Houses in television are so important– I remain obsessed with the exterior shots of houses that always preceded any 1980s/1990s’ sitcom’s return from commercial break. These houses’ interiors too, and the ways in which they didn’t match the outsides, and the rooms we rarely saw (like the Keatons’ elusive dining room), and how the Facts of Life set was as familiar to me as my own living room. How none of these houses ever had actual foyers, and how staircases and such would get moved around between seasons and we just weren’t supposed to notice. Whole TV shows based around domicles– Melrose Place! And houses as extensions of their characters– Casa Walsh, and Dylan’s house (because he lived alone), and Kelly Taylor’s ultra modern nightmare. The layout of the Salingers’ house from Party of Five is indelibly etched upon my mind, and clearly, yes, I spent my teenage years watching terrible television. But still, I wouldn’t turn my nose up at Monica’s apartment from Friends.

But it’s houses in books in particular, which I had to imagine up all by myself. How LM Montgomery wrote about houses– Lantern Hill, Silverbush, Green Gables, Ingleside, New Moon. The English houses– Thornfield Manor, Wuthering Heights, Manderlay, Wildfell Hall. The house Isabel Archer came from in America, with no windows that faced the street, and the Ramsays’ house in To the Lighthouse, Gatsby’s house, Dora Rare’s in The Birth House, Howards End (which was ALL about real estate), Rose’s childhood home in Who Do You Think You Are?, Daisy Stone Goodwill’s house in Ottawa where she raised her family in The Stone Diaries.

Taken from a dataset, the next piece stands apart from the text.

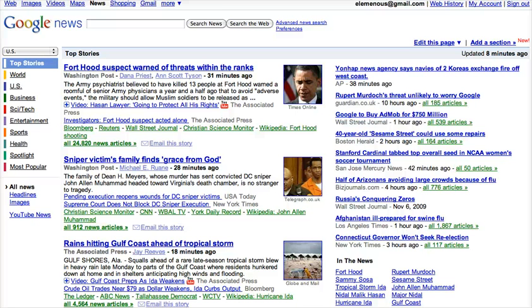This is Google News and I'm going to show you how to add custom sections to your Google News start page.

Unlike Meghan Daum, however, I don’t own my own home. This is partly because paying a mortgage would necessitate me having a job (heaven forbid), but also because I wouldn’t live in my house anymore. Because I really love my house. Daum writes about the struggle of learning to be at home, to live where are you rather than always looking at where to go next. She thinks ownership is necessary to achieve this, but we’ve managed it without a mortgage. The house is home, and we love it because of and in spite of. The neighbourhood, redolent with blooms at this times of year and trees overhead. The tiles in the kitchen, and the how the sun comes through the kitchen door at lunch time, and how you can only run the washer OR the dryer if you don’t want to blow a fuse, and how the sun comes into the bedroom in late afternoon, and we can see the CN Tower in the winter (though the summer hides it with trees full of leaves), and my wonderful attic bedroom (which makes me sad only because I know every bedroom I ever have after this one will be a disappointment), and the trees and the breeze that keep us cool in the summer, and the huge living room windows, and how Harriet’s door doesn’t shut, and the backwards kitchen taps, and our en-suite that doesn’t have a door, and the deck and our fire escape, and the fireplace, and the wide hallway, the squirrels in the attic and the mice under the floor. I used to think that I wanted to buy a house, but then realized what I really wanted was a new apartment, and after two years in this one, I’ve still got no urge to go.